London’s first hotel designed for artists officially opens today.
Green Rooms is a 22-room space for creatives and performers visiting the city, where prices start from just £18 per night. Housed in a disused Art Deco building in Wood Green, the not-for-profit project also has a bar, restaurant and community space for exhibitions and performances.
‘I want this space to be useful for the local community as well as visiting creatives,’ says founder Nick Hartwright.
Hartwright worked with Hoxton Hotel founder Kurt Bredenbeck on the project – the first of its kind in London – as well as Haringey Council, which owns the site. The hotel received financial backing from the Mayor of London’s £9 million High Street Fund and private investment for its £500,000 refurbishment.

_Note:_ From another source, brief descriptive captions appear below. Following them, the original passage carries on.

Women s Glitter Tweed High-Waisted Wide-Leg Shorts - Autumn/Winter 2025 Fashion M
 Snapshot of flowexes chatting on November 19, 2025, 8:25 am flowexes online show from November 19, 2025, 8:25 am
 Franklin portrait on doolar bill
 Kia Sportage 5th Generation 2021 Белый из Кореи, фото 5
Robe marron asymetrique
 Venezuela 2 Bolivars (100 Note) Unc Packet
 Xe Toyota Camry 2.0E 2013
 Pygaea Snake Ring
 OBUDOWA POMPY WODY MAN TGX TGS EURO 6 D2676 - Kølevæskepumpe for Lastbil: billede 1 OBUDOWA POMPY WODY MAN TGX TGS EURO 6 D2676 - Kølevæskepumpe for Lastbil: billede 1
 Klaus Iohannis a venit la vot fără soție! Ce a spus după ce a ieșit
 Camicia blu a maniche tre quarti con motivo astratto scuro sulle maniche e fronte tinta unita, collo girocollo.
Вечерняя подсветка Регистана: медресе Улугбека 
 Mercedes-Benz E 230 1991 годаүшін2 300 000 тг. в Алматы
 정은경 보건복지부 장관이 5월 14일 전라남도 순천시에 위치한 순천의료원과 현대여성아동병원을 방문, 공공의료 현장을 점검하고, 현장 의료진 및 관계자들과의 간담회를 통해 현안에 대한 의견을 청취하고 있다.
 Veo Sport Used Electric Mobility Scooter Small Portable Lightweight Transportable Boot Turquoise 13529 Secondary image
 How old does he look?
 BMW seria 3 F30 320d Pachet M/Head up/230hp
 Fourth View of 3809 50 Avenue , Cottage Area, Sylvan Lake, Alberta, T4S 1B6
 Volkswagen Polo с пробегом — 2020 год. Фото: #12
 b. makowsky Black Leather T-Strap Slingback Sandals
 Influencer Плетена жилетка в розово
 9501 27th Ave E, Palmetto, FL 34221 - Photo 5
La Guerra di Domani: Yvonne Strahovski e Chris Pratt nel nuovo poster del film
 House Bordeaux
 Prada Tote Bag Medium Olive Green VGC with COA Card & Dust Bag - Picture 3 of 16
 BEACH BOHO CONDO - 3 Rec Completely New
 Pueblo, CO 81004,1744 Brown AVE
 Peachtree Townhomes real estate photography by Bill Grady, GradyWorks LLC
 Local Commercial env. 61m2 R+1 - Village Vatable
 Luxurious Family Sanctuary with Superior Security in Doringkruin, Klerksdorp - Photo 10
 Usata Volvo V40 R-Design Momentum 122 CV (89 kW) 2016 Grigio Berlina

Architects SODA transformed the building, constructed in circa 1934 as the showroom and headquarters of The North Metropolitan Power and Electricity Company.
‘Once we began to strip out and reveal the original features of the building, our approach became more reactive,’ says SODA’s principal architect, Russell Potter. ‘We responded to discoveries on site, producing a flexible design that allows the original features space to breathe and use our interventions in a simple and intelligent way that is clearly distinct from the retained fabric.’
As part of the work, 1970s and 80s office partitions and suspended ceilings have been removed. Original details such as parquet flooring, blue and white mosaic tiling in the bathroom and trussed teak ceilings in the former warehouse area – now two studio apartments and two dormitory rooms – have all been retained, with modern additions fitted in around them.
‘We wanted the building to wear the scars of its use,’ says Hartwright.
The ground floor hosts an informal public lounge area and a culinary incubator for fledgling restaurateurs. The first resident will be Esteban Arboleda, founder of Colombian Street Kitchen.
Bredenbeck oversaw the interior design of the space with Green Rooms director Mandy Tutt, mixing vintage British furniture with contemporary pieces from UK brand Folk’s homeware range in the rooms.
‘It’s important for us to create a hotel that has its own voice – working with the furniture and the architecture. British craftsmanship is a theme that came to me, and I ran with it,’ Bredenbeck says.
Going forward, the hotel will offer a monthly programme of events for the community, led by artists and performers staying in the hotel.